Sprites

On PC engines, for the sprites without palette swaps, you can replace any existing sprite with a PNG in Slade. You have to be careful about the colors of the transparent space when using the nightmare flag, as any tranparency that is not black will show up on the sprite. For paletted sprites, you can set the alpha color to black in GIMP or Photoshop. For true-color sprites, you can use a defringing program, such as PNG defringe, to set the background color to black on sprites.

All sprites have corresponding offsets which determine how high and laterally displaced they appear in-game. Using a program like Slade, you can assign offsets to each sprite. Unfortunately other graphical programs will often remove these offsets when editing sprites, thus you will have to restore them in a program like Slade.

For Doom 64 engines in general, sprites and their animated frames are hardcoded, thus you can only replace existing frames unless you modify the source code.

Monster Sprites

Originally monster sprites are 256-color sets of graphics, each with their own palette.

On PC engines, you can replace any of these sprites with non-paletted images, however monsters with palette swaps (zombiemen, imps, marines, and ect) will no longer palette swap to other variants. To remedy this, you will need to generate a global palette for your enemy and all of its PNG graphics must be in that palette. Then you can edit that palette to create the palette-swapped alternate. Slade can convert GIMP palettes into the Doom format.

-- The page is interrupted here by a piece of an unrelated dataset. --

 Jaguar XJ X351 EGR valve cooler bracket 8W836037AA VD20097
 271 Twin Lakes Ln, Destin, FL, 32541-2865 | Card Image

On N64 engines, all monsters must be paletted to 256 colors in a palette unique to each monster. This palette can be generated in GIMP, in which then Slade will convert it to the Doom format. Using wadutil64 that Doom-formatted palette can then be made into a N64-compatible WAD.

Other Sprites

Unlike the monster sprites, other sprites (decorations, items, and powerups) do not have an external palette. Originally each sprite contains an internal 16-bit palette, although PC engines now support true-color PNGs. These graphics do not have palette swaps. To make N64-compatible (non-monster) sprites, you will need to generate CI4 graphics as described in the main graphics page.